Много лет спустя после знакомства с Шебуевым, уже когда и самого Николая Георгиевича не стало, рассказывал мне о нем небезызвестный московским литераторам Василий Регинин, до революции – редактор петербургского журнала «Аргус», в тридцатые годы – редактор журнала «30 дней».

Регинин был великолепный рассказчик, и мне не передать его полных юмора устных воспоминаний о том, как старый литератор Николай Шебуев помог молодому петербургскому журналисту Васе Регинину описать похороны Чехова в Москве.

Петербургские журналисты приехали в Москву «описывать» похороны Чехова. Регинин впервые в жизни прибыл специальным корреспондентом какой-то петербургской газеты и очень волновался – справится ли? Узнал, что в Москве Шебуев, пришел к нему в номер гостиницы за советом.

Шебуев в этот момент одевался – собирался в «Прагу» обедать. Успокоил Регинина: «В «Праге» за обедом и придумаем, как писать».

– Сижу и жду, пока Шебуев оденется,– рассказывал дальше Регинин.—Представляете, на столе сверкающий Арарат крахмальных воротничков, аж глазам больно смотреть. Наконец Шебуев готов, в цилиндре, в торжественной черной паре едет со мной обедать. Сидим в «Праге», обедаем, у меня в глазах рябит от невиданных блюд. Ем и трепещу: хватит ли денег уплатить за свою долю обеда? Пообедали, подают счет, я немею от ужаса, а Шебуев небрежно бросает официанту: «Запишите» – и подает мне знак подняться из-за стола. Я уже и не смею напомнить ему о том, что он обещал мне помочь написать корреспонденцию о похоронах Чехова. Корреспонденция эта была для меня чем-то вроде экзамена. До зарезу нужно было других переплюнуть. Едем с Шебуевым на вокзал встречать гроб с телом Антона Павловича. Сидим на извозчике, Шебуев вдруг вспоминает: «Ах, да, так как же тебе начать описание чеховских похорон? Начни, батенька, в таком роде: «Три сестры робко стучались в ворота Новодевичьего монастыря...» А там уж у тебя как по маслу само пойдет». Так,– вспоминал Регинин,– я и начал свою корреспонденцию о похоронах Чехова. И, вообразите, имела успех!

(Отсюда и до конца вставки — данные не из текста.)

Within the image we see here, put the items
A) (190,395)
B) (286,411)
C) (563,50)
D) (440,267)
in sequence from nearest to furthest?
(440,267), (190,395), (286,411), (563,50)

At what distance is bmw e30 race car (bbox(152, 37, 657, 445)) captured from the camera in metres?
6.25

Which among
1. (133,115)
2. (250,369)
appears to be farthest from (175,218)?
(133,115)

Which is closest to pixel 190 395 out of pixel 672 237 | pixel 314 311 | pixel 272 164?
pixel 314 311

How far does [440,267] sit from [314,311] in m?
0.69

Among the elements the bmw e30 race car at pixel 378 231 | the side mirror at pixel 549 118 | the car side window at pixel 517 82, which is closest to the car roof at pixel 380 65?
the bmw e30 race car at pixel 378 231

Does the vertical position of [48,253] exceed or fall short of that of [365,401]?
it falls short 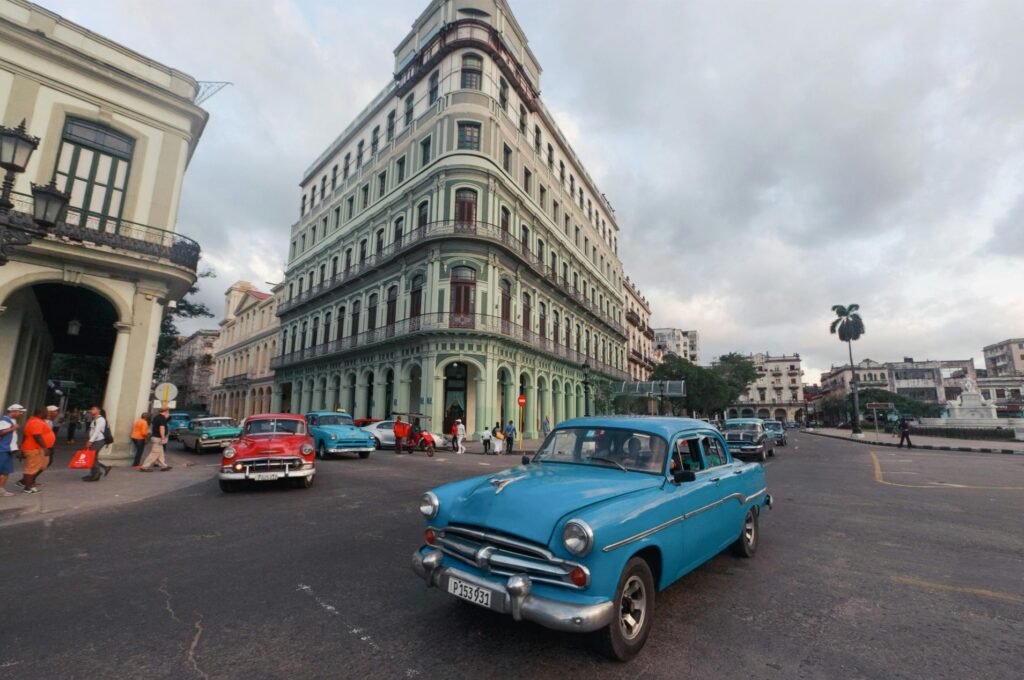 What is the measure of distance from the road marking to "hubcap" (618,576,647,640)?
3.24 m

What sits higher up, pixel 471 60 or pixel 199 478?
pixel 471 60

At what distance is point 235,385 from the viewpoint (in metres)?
53.2

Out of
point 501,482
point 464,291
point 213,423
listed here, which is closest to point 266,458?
point 501,482

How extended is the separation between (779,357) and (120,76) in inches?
5608

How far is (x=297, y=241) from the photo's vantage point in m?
45.8

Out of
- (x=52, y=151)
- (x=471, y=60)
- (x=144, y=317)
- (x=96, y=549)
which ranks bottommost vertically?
(x=96, y=549)

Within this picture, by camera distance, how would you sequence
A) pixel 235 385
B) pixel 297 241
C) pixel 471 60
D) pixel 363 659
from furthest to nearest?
1. pixel 235 385
2. pixel 297 241
3. pixel 471 60
4. pixel 363 659

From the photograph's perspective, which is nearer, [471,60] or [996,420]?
[471,60]

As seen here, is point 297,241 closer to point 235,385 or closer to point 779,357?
point 235,385

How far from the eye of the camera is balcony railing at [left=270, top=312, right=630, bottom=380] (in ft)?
85.5

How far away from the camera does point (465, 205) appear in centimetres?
2794

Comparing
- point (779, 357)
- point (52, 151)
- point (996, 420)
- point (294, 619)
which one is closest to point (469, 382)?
point (52, 151)

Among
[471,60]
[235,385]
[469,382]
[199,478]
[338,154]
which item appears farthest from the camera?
[235,385]

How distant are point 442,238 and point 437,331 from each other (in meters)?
5.47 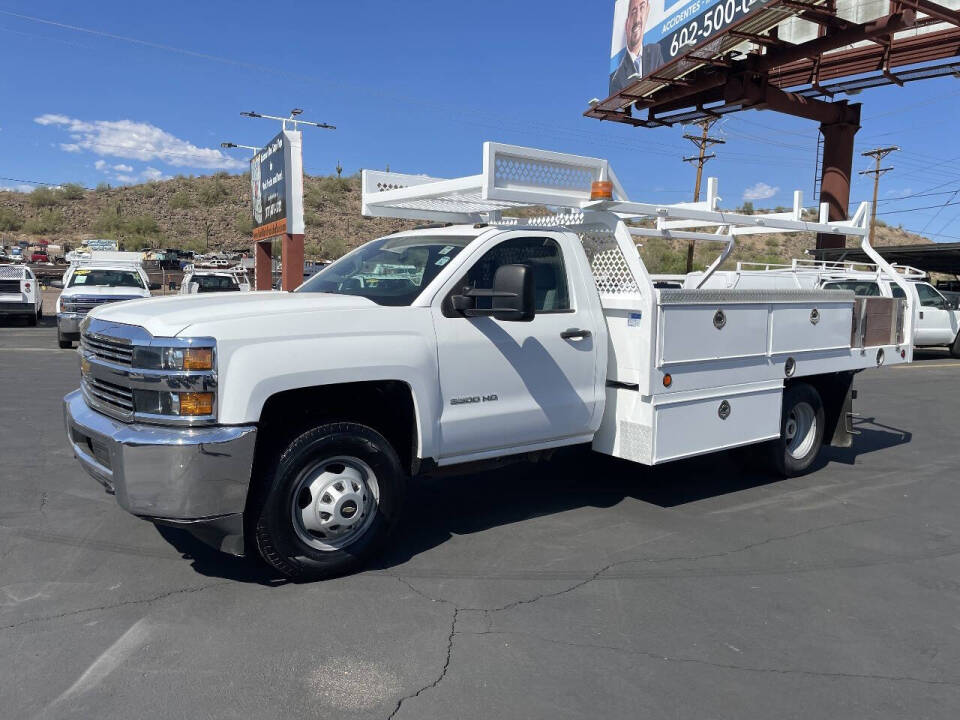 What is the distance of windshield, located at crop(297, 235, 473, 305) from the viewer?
16.2 feet

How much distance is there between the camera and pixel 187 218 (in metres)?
71.3

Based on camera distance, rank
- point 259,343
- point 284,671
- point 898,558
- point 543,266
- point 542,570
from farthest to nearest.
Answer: point 543,266, point 898,558, point 542,570, point 259,343, point 284,671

Придется отвлечься на несколько минут от Шебуева, коль скоро вспомнился по пути Регинин. В последние годы имя его все чаще встречается на страницах литературных, да вовсе и не только литературных воспоминаний – от книг писателя Паустовского до книги знаменитого когда-то конферансье Алексея Алексеева. Регинина знали все.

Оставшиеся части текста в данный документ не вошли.